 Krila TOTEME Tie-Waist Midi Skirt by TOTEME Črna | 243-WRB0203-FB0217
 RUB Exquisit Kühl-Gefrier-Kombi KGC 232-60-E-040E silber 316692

****

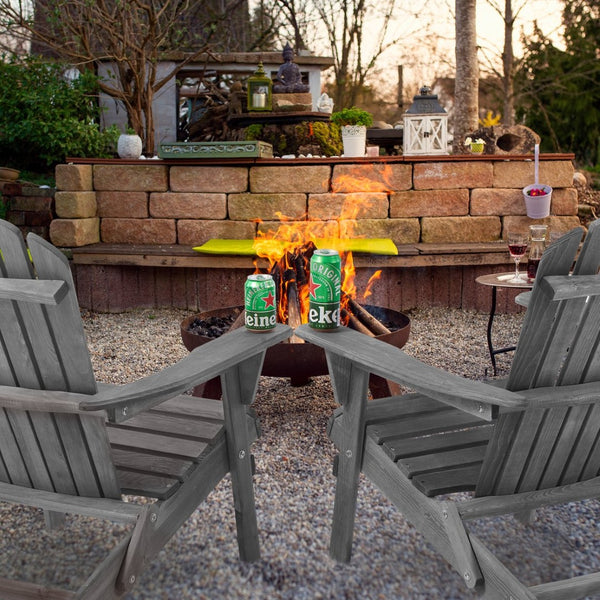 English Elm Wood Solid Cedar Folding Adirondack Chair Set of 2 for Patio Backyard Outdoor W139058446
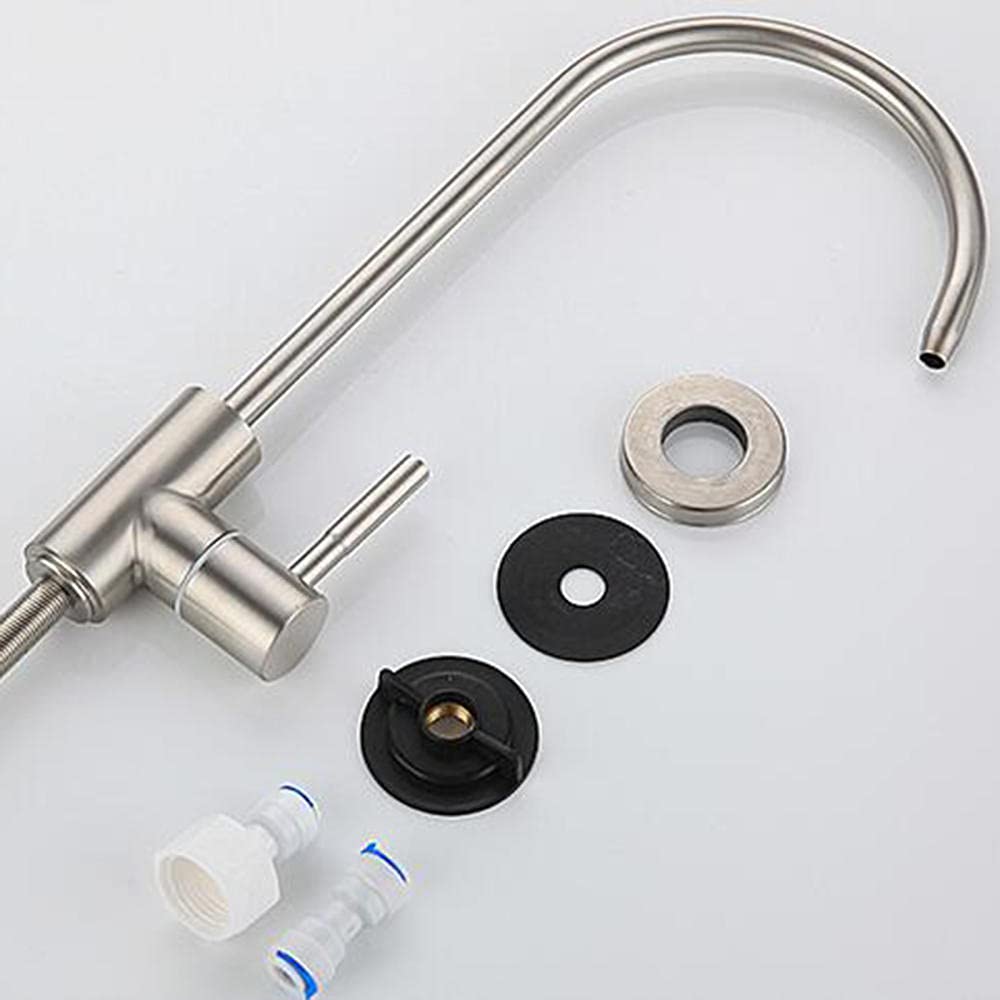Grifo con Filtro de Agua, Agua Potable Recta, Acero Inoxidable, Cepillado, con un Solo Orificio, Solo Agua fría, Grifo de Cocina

****

Try it —
For this exercise, return exactly the lines above from the line with "English Elm Wood" through the line with "Grifo con Filtro", both included. Do not copy the pictures.

Solution below —
 English Elm Wood Solid Cedar Folding Adirondack Chair Set of 2 for Patio Backyard Outdoor W139058446
Grifo con Filtro de Agua, Agua Potable Recta, Acero Inoxidable, Cepillado, con un Solo Orificio, Solo Agua fría, Grifo de Cocina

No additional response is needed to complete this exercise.